Morality Cannot Have a Foundation in God: A Summary for the General Reader by Quentin Smith

The following essay was written by Quentin Smith around 2001 or 2002, but inexplicably fell through the cracks. While organizing files on my computer, I recently rediscovered it and am happy to be able to share it with our readers. I am posting it here, without taking a position pro or con, for interested readers. Feel free to debate in the combox.

MORALITY CANNOT HAVE A FOUNDATION IN GOD: A SUMMARY FOR THE GENERAL READER

                                                BY QUENTIN SMITH

                                                WESTERN MICHIGAN UNIVERSITY

As I indicated in my history of 20th century moral philosophy, Ethical and Religious Thought in Analytic Philosophy of Language (Yale University Press, 1997), the idea that morality is founded by God is rejected as nonsensical by all 20th century moral philosophers, be they theists or atheists. There are many theists who write on moral philosophy, but they reject just as much as do atheistic philosophers the idea that God is the foundation of morality.

Why have all theistic and atheistic philosophers of the 20th century rejected as absurd the idea that God is the foundation of morality? Because they realize that the opposite claim is true: God is not the foundation of morality, but morality is the foundation of God. Why? God is defined as morally good. God can be morally good only if God’s actions are based on the principles of goodness. But if God founds the principles of goodness, God’s actions cannot be founded on these principles. Founding something, and being founded on something, are opposites. Something cannot both be founded on something, and yet at the same time not be founded upon that thing but rather be the foundation of the thing. By analogy, a single brick cannot at the same time be underneath a building, and also, at that very time, be resting on the roof of that building.

It is also true that if God is the founder of moral goodness, then, instead of being morally good, he has the different characteristic of being the founder of moral goodness (and moral evil).  Being good, and being the foundation of goodness, are two different characteristics. Something  can be the foundation of moral goodness and evil only if that being is neither morally good nor morally evil. By analogy, the foundation of the Atlantic Ocean is not liquid water; rather it is solid dirt and rock. If you found something, you cannot be the very thing you found. If you found your children, you cannot be your children. If you are the foundation of a building, you are not the building, but steel piles underneath the building.

This explains why all 20th century philosophers, both theists and atheists, have recognized that if God is the foundation of goodness, then this contradicts the definition of God as good. The foundation, God, cannot be what he founds.

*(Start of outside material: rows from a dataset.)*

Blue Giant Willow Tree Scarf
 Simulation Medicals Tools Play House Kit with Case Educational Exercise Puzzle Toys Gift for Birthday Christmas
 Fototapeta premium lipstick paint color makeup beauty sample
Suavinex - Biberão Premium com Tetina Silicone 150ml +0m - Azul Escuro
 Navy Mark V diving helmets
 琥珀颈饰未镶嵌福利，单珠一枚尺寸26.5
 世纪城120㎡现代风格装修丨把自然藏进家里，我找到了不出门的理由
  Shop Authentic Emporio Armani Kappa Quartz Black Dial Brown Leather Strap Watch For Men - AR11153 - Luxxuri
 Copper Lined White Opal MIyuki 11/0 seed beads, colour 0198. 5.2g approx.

There is a third reason, recognized by all atheist and theist moral philosophers of the 20th century, that shows even more clearly why God cannot be the foundation of morality. Consider the example of the Christian philosopher Robert Adams, who has come closer than any other philosopher to saying that God is the foundation of morality. But Adams ends up denying this. Why? Because he recognizes that if God founds morality, then God can make anything whatsoever good. God could make torture, rape and murder good. If God is the foundation of morality, then torture, rape and murder are not intrinsically evil; rather, they are evil only because God happened to decide to make them evil rather than good. This is absurd, since God equally well could have founded torture, rape and murder as good instead of evil, and  God could have founded kindness, generosity and mutual respect as evils. As a founder of morality, you can make anything whatsoever good or evil. But it is absurd to think that God, who is good by definition, could have made cruelty, rape and incest morally good. If God could have founded the horrible evils of mass genocide, brutal rape and extreme cruelty as good, instead of evil, then God cannot be good by definition. A good God could not have founded the murder of 6 million Jews as good, since if he did, he would not be good. This shows why God cannot found what is good or evil. The Christian philosopher Robert Adams, upon recognizing this (it was pointed out to him by other Christian moral philosophers) adopted the different theory that only a loving God could command certain actions to be good. This is because Adams’ recognized that love is intrinsically good; it is objectively good by itself, and is not good because God founds or commands that it be good. God recognizes that love is intrinsically good just as humans recognize that love is intrinsically good.

God is in the same situation as humans, except God is perfectly good. Humans are good only if they recognize that murder, rape and torture are intrinsically evil and therefore do not engage in these activities; and humans are good if they recognize that kindness and generosity  are intrinsically good, and act kindly and generously. Sometimes humans do things that are not good, but that is because humans are not perfectly good.

The obvious fact that God cannot be morally good if he is the foundation of whatever is good or evil has been recognized by all 20th century moral philosophers. Anybody who argues that God is the foundation of morality is either ignorant of 20th century philosophy or else is using pure rhetoric to score a point in a debate before an audience that does not contain any philosophy professors. The issue of whether God is or is not the foundation of morality is not even discussed by philosophy professors who write about morality, because they recognize that the very idea that God founds morality is too preposterous to deserve discussion.